## PROBLEM TO WORK ON:
Both the line containing "connacionales; otros han" and the line containing "En ese caso, la sentencia" belong to the span. Output exactly that span from the listing below, and nothing outside it.

----

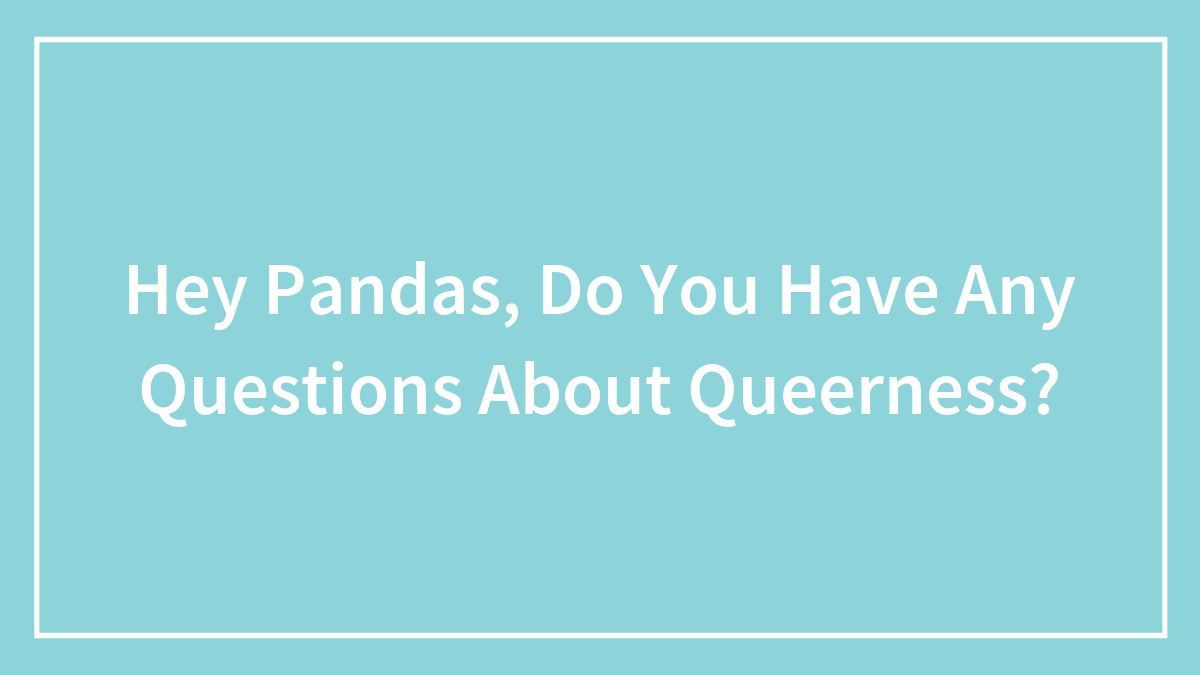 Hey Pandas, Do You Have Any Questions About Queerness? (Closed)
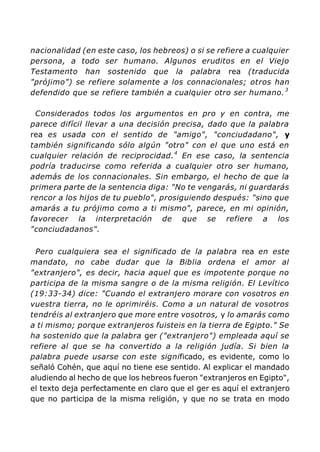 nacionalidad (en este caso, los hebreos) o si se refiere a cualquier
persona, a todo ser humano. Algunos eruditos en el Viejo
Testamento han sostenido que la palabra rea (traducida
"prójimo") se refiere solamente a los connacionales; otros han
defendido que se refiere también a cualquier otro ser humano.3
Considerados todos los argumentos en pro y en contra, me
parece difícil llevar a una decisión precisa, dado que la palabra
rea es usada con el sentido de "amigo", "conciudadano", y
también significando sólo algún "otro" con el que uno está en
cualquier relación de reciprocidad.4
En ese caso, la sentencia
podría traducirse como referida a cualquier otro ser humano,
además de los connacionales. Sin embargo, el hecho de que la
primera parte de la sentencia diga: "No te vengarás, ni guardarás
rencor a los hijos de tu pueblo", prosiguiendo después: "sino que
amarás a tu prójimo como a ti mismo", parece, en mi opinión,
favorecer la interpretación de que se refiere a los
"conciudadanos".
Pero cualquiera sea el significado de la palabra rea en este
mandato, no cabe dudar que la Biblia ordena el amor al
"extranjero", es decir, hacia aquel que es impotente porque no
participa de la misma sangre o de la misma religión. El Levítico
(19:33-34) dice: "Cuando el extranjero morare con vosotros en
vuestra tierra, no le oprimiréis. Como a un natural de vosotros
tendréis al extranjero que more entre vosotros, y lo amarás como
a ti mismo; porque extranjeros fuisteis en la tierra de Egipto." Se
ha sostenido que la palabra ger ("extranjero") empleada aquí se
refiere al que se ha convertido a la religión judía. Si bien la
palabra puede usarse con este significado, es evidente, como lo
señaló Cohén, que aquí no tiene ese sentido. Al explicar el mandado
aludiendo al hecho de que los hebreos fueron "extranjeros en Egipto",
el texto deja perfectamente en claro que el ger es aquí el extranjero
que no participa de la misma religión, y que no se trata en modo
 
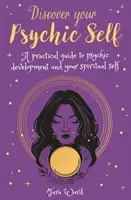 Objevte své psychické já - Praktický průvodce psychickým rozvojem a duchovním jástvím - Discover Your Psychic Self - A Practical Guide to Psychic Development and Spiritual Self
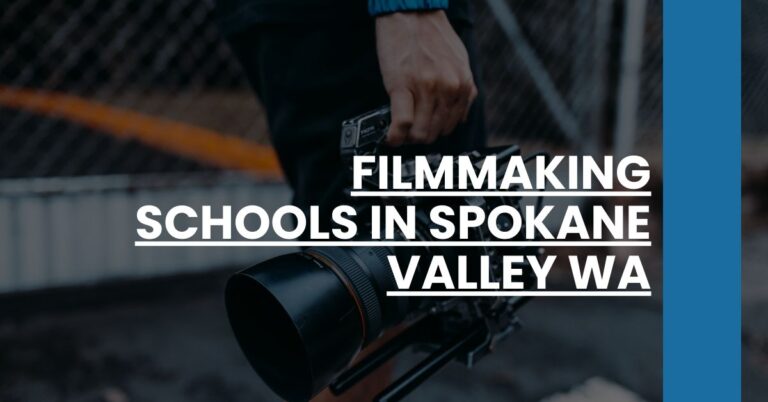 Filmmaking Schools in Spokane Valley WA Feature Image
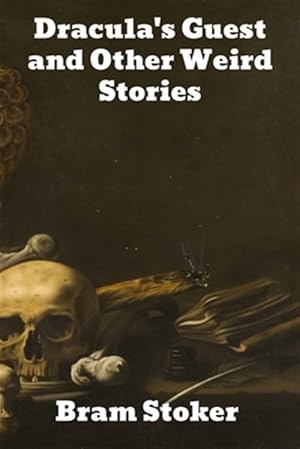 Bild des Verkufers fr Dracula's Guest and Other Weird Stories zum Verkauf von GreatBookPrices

----

## ANSWER SECTION:
"prójimo") se refiere solamente a los connacionales; otros han
defendido que se refiere también a cualquier otro ser humano.3
Considerados todos los argumentos en pro y en contra, me
parece difícil llevar a una decisión precisa, dado que la palabra
rea es usada con el sentido de "amigo", "conciudadano", y
también significando sólo algún "otro" con el que uno está en
cualquier relación de reciprocidad.4
En ese caso, la sentencia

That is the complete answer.